(SUPPLIED RECORDS Opens)
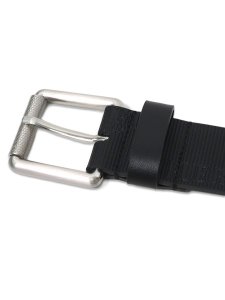 画像2: 【送料無料】TRUE RELIGION VALLOW BOUNDED BELT BLACK (2)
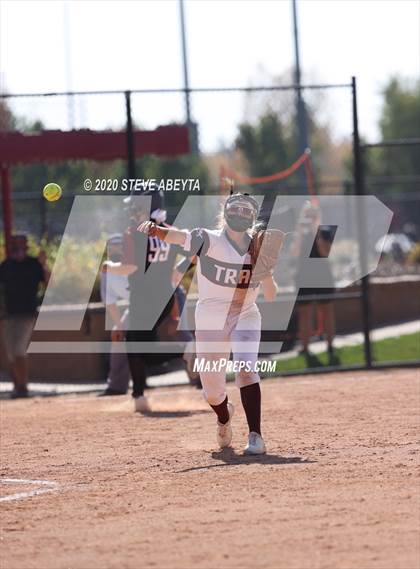 Thumbnail 1 in Cherokee Trail vs Chatfield (CHAA 5A Semifinal) photogallery.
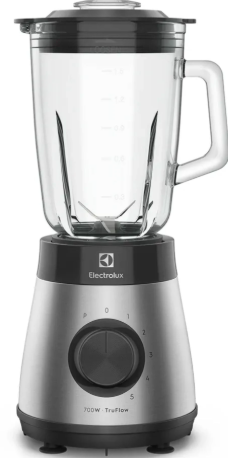 LICUADORA ELECTROLUX 1,95L JARRA VIDRIO 750W 5V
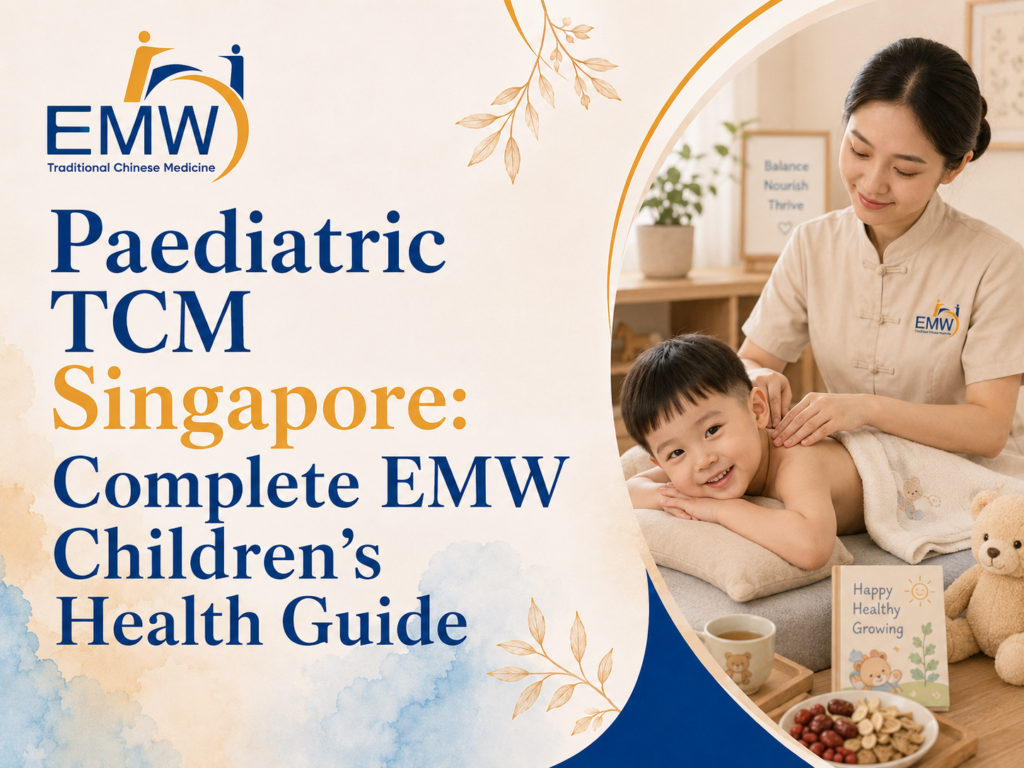 Paediatric TCM Singapore: Complete EMW Children’s Health Guide
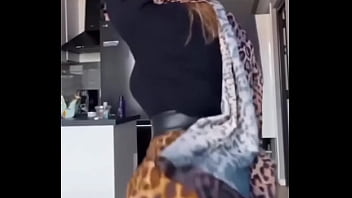 Arap Got His Thick, Throbbing Cock Out And Started Stroking It.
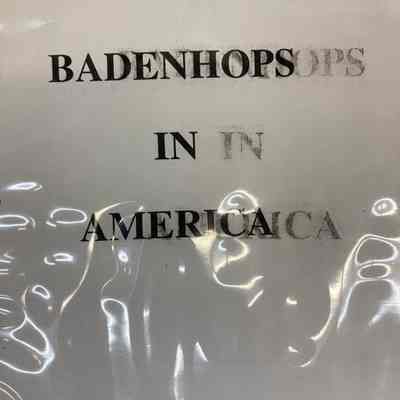 Badenhop’s in America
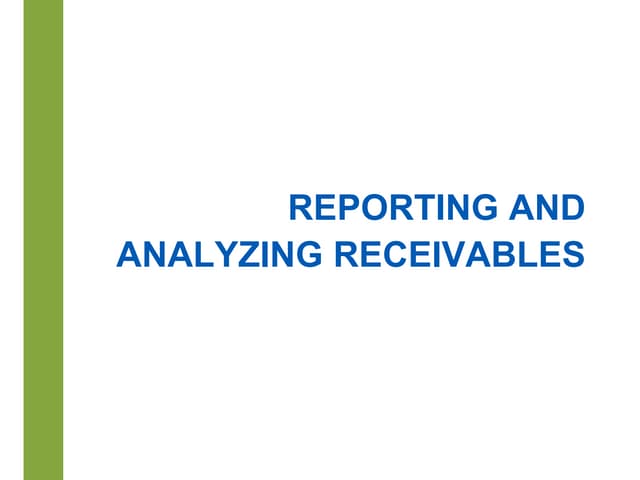 Receivables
(SUPPLIED RECORDS Closes)
**WORK TO BE COMPLETED:** With every picture left out, print exactly the lines from the one containing "Thumbnail 1 in" through the final line of the material above.

**YOUR RESPONSE:**
 Thumbnail 1 in Cherokee Trail vs Chatfield (CHAA 5A Semifinal) photogallery.
 LICUADORA ELECTROLUX 1,95L JARRA VIDRIO 750W 5V
 Paediatric TCM Singapore: Complete EMW Children’s Health Guide
 Arap Got His Thick, Throbbing Cock Out And Started Stroking It.
 Badenhop’s in America
 Receivables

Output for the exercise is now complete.